Arthur Porter, Jr., appeals from a jury verdict finding him guilty of three counts of possession with intent to distribute cocaine and one count of conspiracy to distribute, in violation of 21 U.S.C. Secs. 841(a)(1) and 846. On appeal, Porter argues the district court1 erred in failing to sustain his motion to suppress evidence obtained during a warrantless search of his locked briefcase. We affirm.

2

On May 22, 1987, Porter and another individual were arrested after selling cocaine to an undercover narcotics officer. The officers obtained a description of a third individual, Smith, who was apprehended in an automobile approximately one-half hour later. Upon Smith's arrest, the police searched the passenger compartment and took the automobile to the federal courthouse. The key to the automobile trunk was later found on Porter when he was taken into custody. At the courthouse, the officers searched the automobile again and discovered a locked briefcase in the trunk. The officer took the briefcase to the room where Porter was being questioned and forced the briefcase open, revealing a large quantity of drugs and a revolver.

3

Porter challenged the search of the automobile and the locked briefcase. At the suppression hearing, the officer who arrested Smith testified that he searched Smith and the automobile, incident to the arrest. When a crowd began gathering, he left the area and took the automobile, believing it was subject to seizure. At the federal building, he conducted a thorough inventory search of the automobile's contents as required by federal and local police procedures. At no time did the officer obtain a warrant.

4

The district court found that Porter had standing to challenge the search of the automobile and briefcase, and held the search constitutional as a valid inventory search of an automobile lawfully in police custody, citing Colorado v. Bertine, 479 U.S. 367, 107 S.Ct. 738, 93 L.Ed.2d 739 (1987). This court reviews the district court's determinations made in a suppression hearing under the clearly erroneous standard, and must affirm unless they are not supported by substantial evidence, reflect an erroneous view of the law, or leave a "definite and firm conviction that a mistake has been made." United States v. Eisenberg, 807 F.2d 1446, 1449-50 (8th Cir.1986).

5

"Under the fourth amendment, the propriety of inventory searches is judged by the standard of reasonableness." United States v.

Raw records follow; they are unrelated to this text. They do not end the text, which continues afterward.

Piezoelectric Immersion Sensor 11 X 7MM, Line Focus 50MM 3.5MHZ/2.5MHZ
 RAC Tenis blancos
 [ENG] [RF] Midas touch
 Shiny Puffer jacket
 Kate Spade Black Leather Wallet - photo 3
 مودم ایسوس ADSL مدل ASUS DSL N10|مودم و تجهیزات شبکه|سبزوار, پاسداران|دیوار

Woolbright, 831 F.2d 1390, 1394 (8th Cir.1987). In Illinois v. Lafayette, 462 U.S. 640, 103 S.Ct. 2605, 77 L.Ed.2d 65 (1983), the Court held it was "not 'unreasonable' for police, as part of the routine procedure incident to incarcerating an arrested person, to search any container or article in his possession, in accordance with established inventory procedures." Id. at 648, 103 S.Ct. at 2611 (footnote omitted). In Colorado v. Bertine, 479 U.S. 367, 107 S.Ct. 738, 93 L.Ed.2d 739 (1987), the Court held police officers may open closed containers during routine inventory searches of an impounded vehicle when the search is conducted in good faith, pursuant to standardized police procedures, and not for the sole purpose of investigation. 107 S.Ct. at 742, 744 (upholding search of closed backpack found in impounded van, pursuant to police procedure mandating the opening of closed containers and the listing of their contents).

6

In this case, Porter does not challenge the impoundment of the car. The officer's unrebutted testimony indicated the search was pursuant to local and federal police policies requiring the officers to inventory the contents of vehicles thoroughly. Porter does not argue, and the record does not suggest, that the officers had any discretion in deciding whether to open items or inventory them as a unit. Moreover, an officer's suspicion that evidence may be present does not invalidate an otherwise lawful inventory search. See Wagner v. Higgins, 754 F.2d 186, 189-90 (6th Cir.1985) (motive to discover evidence does not invalidate inventory search when legitimate desire to protect against claims also exists).

7

Accordingly, the district court is affirmed.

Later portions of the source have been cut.